Thank you.
I saw as well that Amit replied to your comment in the erratum.
The problem is, this has already been discarded a longer time ago, for valid technical reasons.
You should never use two different Maps solution on your site.
There is no simple way of "playing nice" without a sandard script handle, which does not exist for Google Maps API.
You should use one map solution and apply it everywhere you need a map.
Our Toolset Maps plugin does let you add custom maps to everywhere, providing an address or a pair of latitude/longitude coordinates.
I understand that after spending time and effort using another solution for specific things, switching is complex - or eventually you just want both because of certain features.
But it is your decision to make on which one to use.
Again, we do not recommend using two Google Maps providers on a single site.

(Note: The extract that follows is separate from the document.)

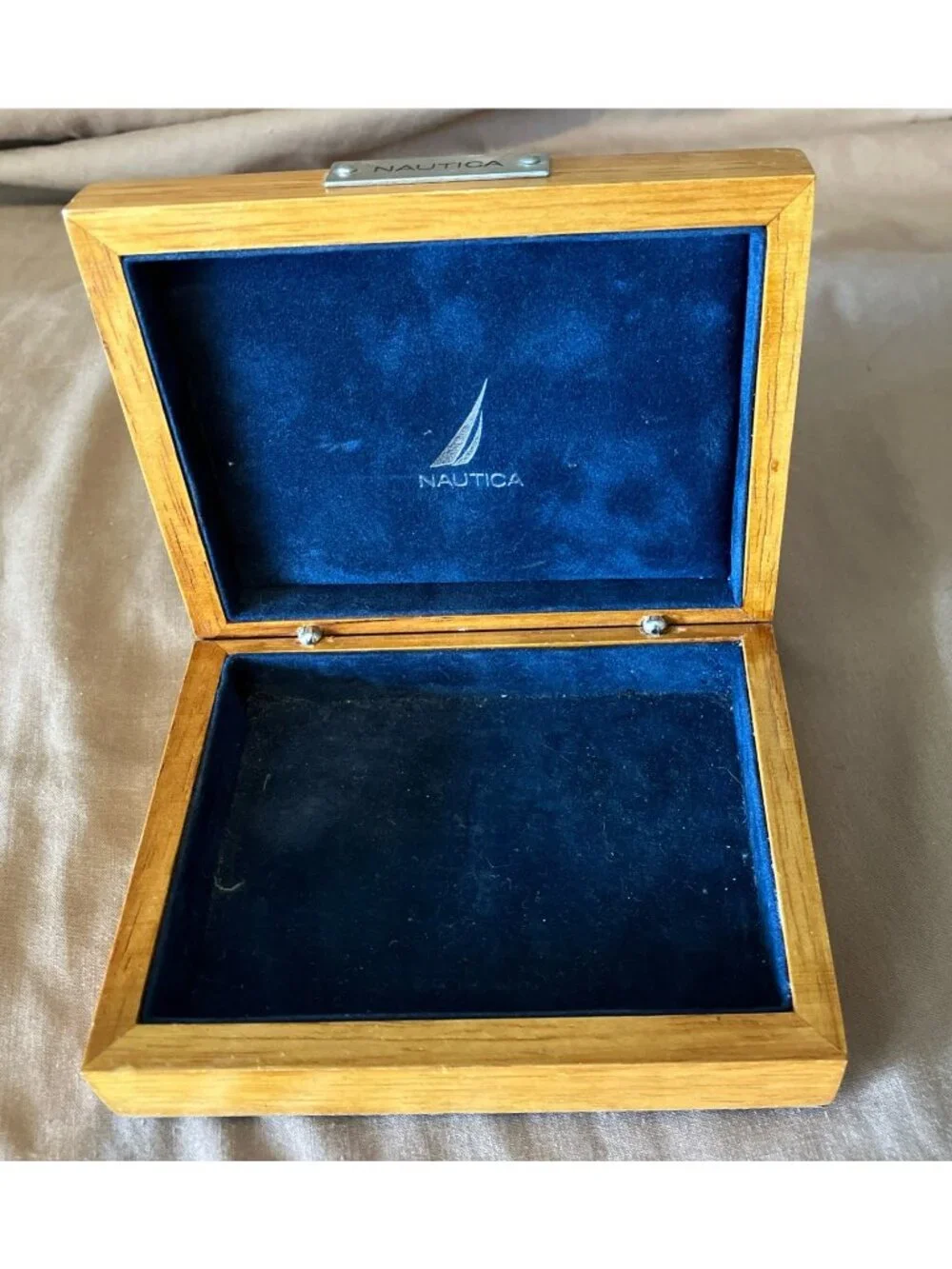 Nautica Wooden Jewelry/Trinket Box Velvet Lined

In case a theme provides maps functionality, one should be careful when using another maps provider (Like Toolset Maps)
If one feels that the map provided by the external source (Toolset Maps) is better than the one included in the theme, the theme creators could help to disable it (Theme Maps scripts) completely.
Just dequeuing might not be enough since it could produce unexpected results caused by dependencies.
This is like using AntiVirus Software:
You can not (or should not) have two antivirus on a Windows machine, you can not load two versions of the same script without errors.
This is basically the same.
Usually, you apply a plugin for functionality (Toolset Maps) and a theme styles the things.
If the theme already provides this functionality you do not need Toolset Maps, or opposite, it might not be needed to use this Theme, or, the Theme should not provide functionality but style.
We can not detect whether a theme does contain a map implementation, mainly because the ones that do it right only register and enqueue it in the frontend, and with their own scrip handle (which results in the conflicts), and in the footer if possible.
So even if we can build a list of script names, we can only detect whether they exist and might cause a conflict on the frontend footer, but not fix it.
We can build a list of themes and plugins that are known to case conflicts and display that data somewhere in the backend, even check against a known function from the problematic items, but that list will never be comprehensive and checking against a long list can make wherever we show the warning a slow page (and basically, also not a very useful page anyway)
Unfortunately we do not see a solution for this.